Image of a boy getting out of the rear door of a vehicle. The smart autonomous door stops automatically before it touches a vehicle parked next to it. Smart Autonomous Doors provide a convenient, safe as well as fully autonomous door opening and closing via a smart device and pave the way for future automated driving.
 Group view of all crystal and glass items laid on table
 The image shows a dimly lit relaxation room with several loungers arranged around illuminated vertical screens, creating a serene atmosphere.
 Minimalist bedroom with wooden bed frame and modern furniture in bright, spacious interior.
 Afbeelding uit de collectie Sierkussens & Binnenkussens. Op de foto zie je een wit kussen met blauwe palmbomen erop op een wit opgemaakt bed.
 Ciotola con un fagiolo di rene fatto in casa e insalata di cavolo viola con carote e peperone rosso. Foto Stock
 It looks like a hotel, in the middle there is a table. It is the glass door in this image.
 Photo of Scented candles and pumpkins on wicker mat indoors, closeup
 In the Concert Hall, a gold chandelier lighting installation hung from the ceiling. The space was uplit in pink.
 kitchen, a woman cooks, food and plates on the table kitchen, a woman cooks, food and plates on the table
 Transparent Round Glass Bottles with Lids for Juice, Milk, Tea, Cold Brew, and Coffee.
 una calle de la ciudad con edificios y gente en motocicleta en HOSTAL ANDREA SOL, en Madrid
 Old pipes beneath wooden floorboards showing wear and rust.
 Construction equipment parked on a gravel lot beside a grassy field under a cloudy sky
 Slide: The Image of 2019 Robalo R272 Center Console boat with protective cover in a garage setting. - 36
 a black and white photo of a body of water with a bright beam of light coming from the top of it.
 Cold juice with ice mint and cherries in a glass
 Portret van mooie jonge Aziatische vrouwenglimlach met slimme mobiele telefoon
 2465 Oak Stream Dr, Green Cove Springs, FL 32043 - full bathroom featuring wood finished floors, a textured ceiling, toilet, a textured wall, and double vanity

AIM OF THE TASK → The lines to retype, exactly and only, run from the first line of the material through the line with "Minimalist bedroom with".

EXERCISE OUTPUT →
Image of a boy getting out of the rear door of a vehicle. The smart autonomous door stops automatically before it touches a vehicle parked next to it. Smart Autonomous Doors provide a convenient, safe as well as fully autonomous door opening and closing via a smart device and pave the way for future automated driving.
 Group view of all crystal and glass items laid on table
 The image shows a dimly lit relaxation room with several loungers arranged around illuminated vertical screens, creating a serene atmosphere.
 Minimalist bedroom with wooden bed frame and modern furniture in bright, spacious interior.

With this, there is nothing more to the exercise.